Q5. Carry out a paired t-test for the effect of treatment on earnings. What are the values of the 95% confidence interval?
diffy = y_trt - y_con
# paired t-test
t.test(diffy)
One Sample t-test
data: diffy
t = 1.0297, df = 110, p-value = 0.3054
alternative hypothesis: true mean is not equal to 0
95 percent confidence interval:
-826.1391 2613.1052
sample estimates:
mean of x
893.483
From the result we can not reject the null that there is no effect of treatment on earnings.

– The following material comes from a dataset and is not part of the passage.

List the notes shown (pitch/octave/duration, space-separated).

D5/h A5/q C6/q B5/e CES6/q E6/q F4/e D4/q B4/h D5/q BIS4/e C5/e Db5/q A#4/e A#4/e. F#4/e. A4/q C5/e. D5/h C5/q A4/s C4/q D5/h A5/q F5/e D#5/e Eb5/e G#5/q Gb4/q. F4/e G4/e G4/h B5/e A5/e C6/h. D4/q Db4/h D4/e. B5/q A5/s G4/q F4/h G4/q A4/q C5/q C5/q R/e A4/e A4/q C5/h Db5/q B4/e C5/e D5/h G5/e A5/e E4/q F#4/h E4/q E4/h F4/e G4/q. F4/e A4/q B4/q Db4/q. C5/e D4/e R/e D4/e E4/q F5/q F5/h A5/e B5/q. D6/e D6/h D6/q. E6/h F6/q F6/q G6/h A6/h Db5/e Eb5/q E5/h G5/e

In this post we have introduced the powerful method of controling confounders, matching on propensity score. We also have demonstrated how to implement the analysis in R. In general, propensity score matching involves the following steps:
My personal biggest take away after learning this is that, it is not difficult to perform matching, however, we need to be careful when evaluating the outcomes of matching. How does the overlapping of matched propensity score looks like? Whether the covariates are balanced? What does the treatment difference test tells us? These questions need to be throughly considered.
Next we will continue to share how to estimate the causal effect by inverse probability of treatment weighting. Thank you for reading.